How Community Software Can Use Forensic Science to Identify Bad Members
When you hear the term “forensic evidence,” you think about police work and court cases. You think about DNA, blood and finger prints. You don’t think about online communities.
But our communities are home to a great deal of digital DNA and trace information. This evidence can be used to identify people who are trying to abuse or take advantage of our communities. Yet I don’t know of any software options that are making use of the data in this way.
There are certain key areas where this could be very helpful, where it could take a task best performed by machines and let a machine perform it.
I am sure that there are many ways this would be done, but I’ll give you one good example. Members who hold multiple accounts to push an agenda, agree with themselves or promote something. How could the software help, you might ask? Well, what if you received a notification in your admin area whenever any of these things happened:
- Two members had the same link (domain name) in their profile homepage or signature that wasn’t to a popular website (in the top 25,000 to 100,000 most popular in the world).
- Two members used the same IP address within a short period of time (defined by the community manager).
- Two members posted the same link (domain name) and the link wasn’t to a popular website.
Of course, there will be false positives. The software could be built in a way that would show you the comparable data and make it easy for you to dismiss and even white list certain websites or IP addresses from showing up again. All 3 might not work well for all communities, so you could pick and choose which method(s) work for you. As such a system was used, it would become clear what common occurrences would need to be white listed and how the software would need to adapt.
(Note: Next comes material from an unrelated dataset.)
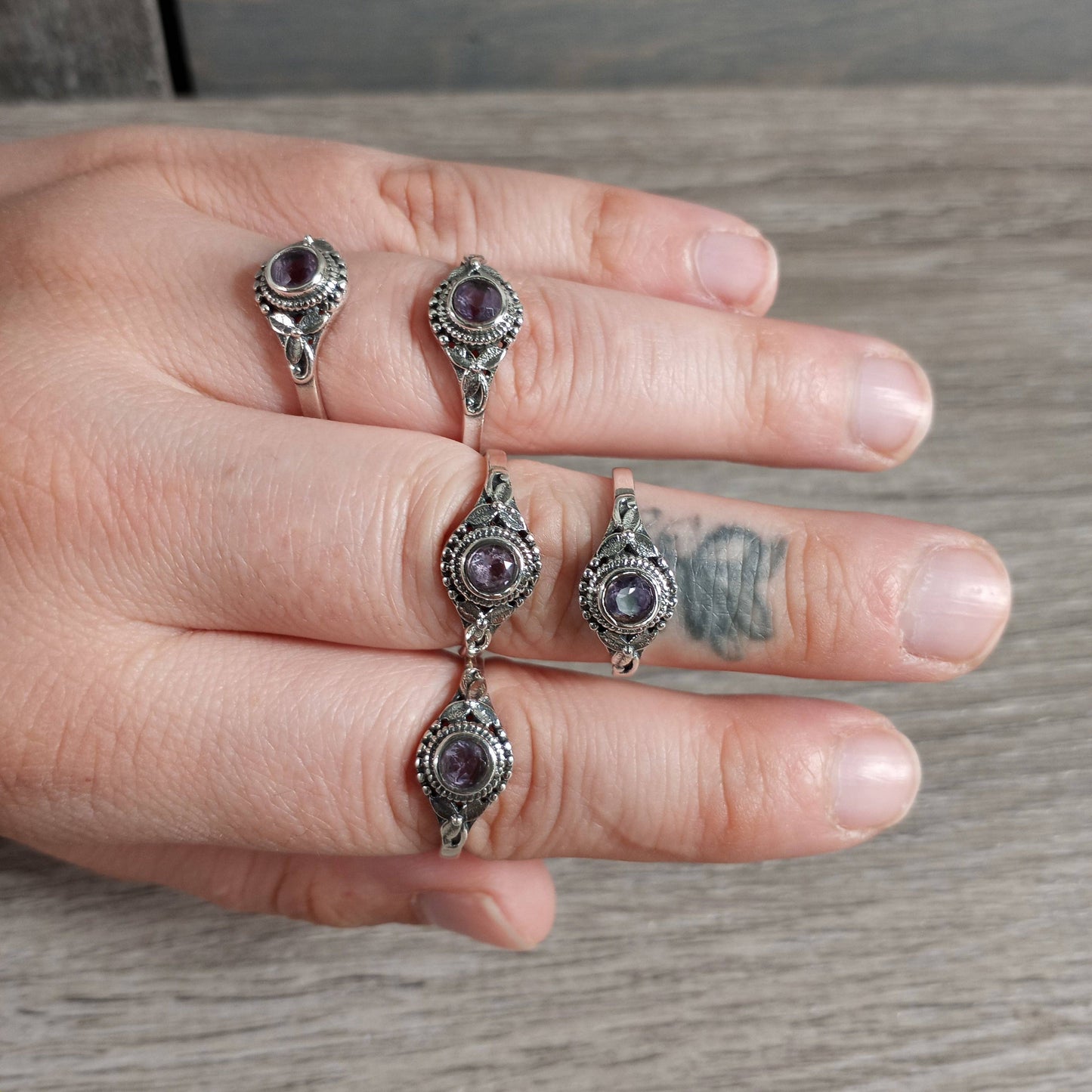 Amethyst Ring 925 Sterling Silver "Hippie Leaf"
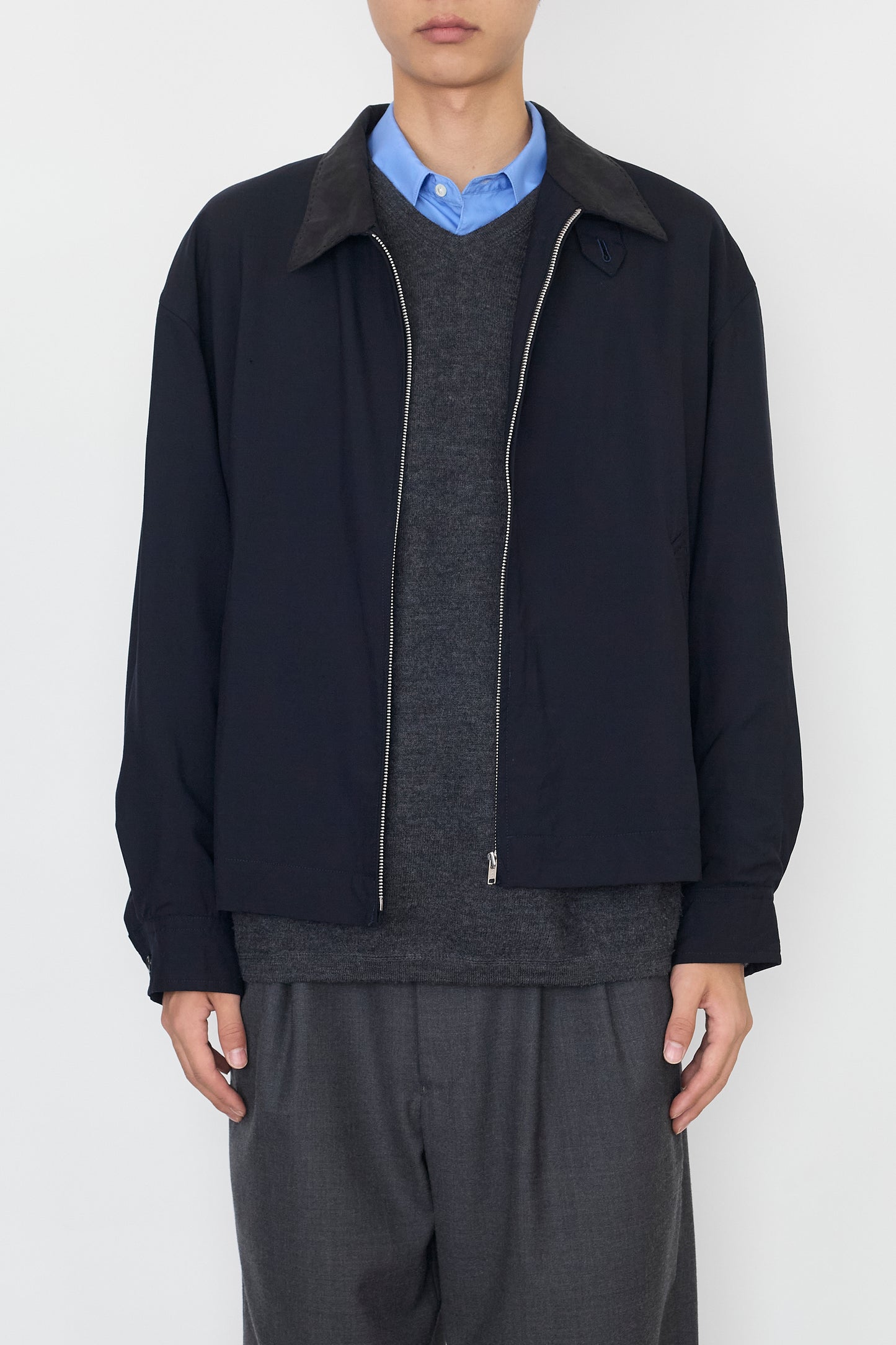 HIROMICHI NAKANO NAVY WOOL SHORT JACKET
The reason you would cut out the popular websites is because the vast majority of links posted on your community go to those websites. Google, Amazon, Facebook, etc. They usually aren’t the people doing the spamming. This will drop the false positives drastically.
This is the same reason why it helps to limit the IP based forensics to a short time frame. Over a period of time, a member’s IP address will change. But for many, it will stay the same for a while. Weeks and months. Most people who are signing up for multiple accounts are doing so within a month of their last post from their original account, not months later or years later. If you have a member use an IP today and another member use that same IP three years from now, it probably isn’t the same person (especially on the major internet service providers, under which most of your members fall).
On the other hand, if you find 3 different members talking about a company and they all have the same IP, they are probably either the same person or working out of the same office. People talk about how unreliable IPs are and how they can be spoofed. That’s true, except that the people you are trying to catch with this system are not the ones who know how to spoof an IP. You are just trying to cut the percentage down a bit and knock off the easy targets that the software can hit, not eradicate something that will never fully be eradicated.
IP information gets less meaningful the bigger that your community becomes, but I think it can still be useful for big communities, too. You might just need to limit the time span even more.
For the 99% smallest online communities that exist, this system would identify many bad actors. We all know we are missing members who fit into this category. Software can help us find them.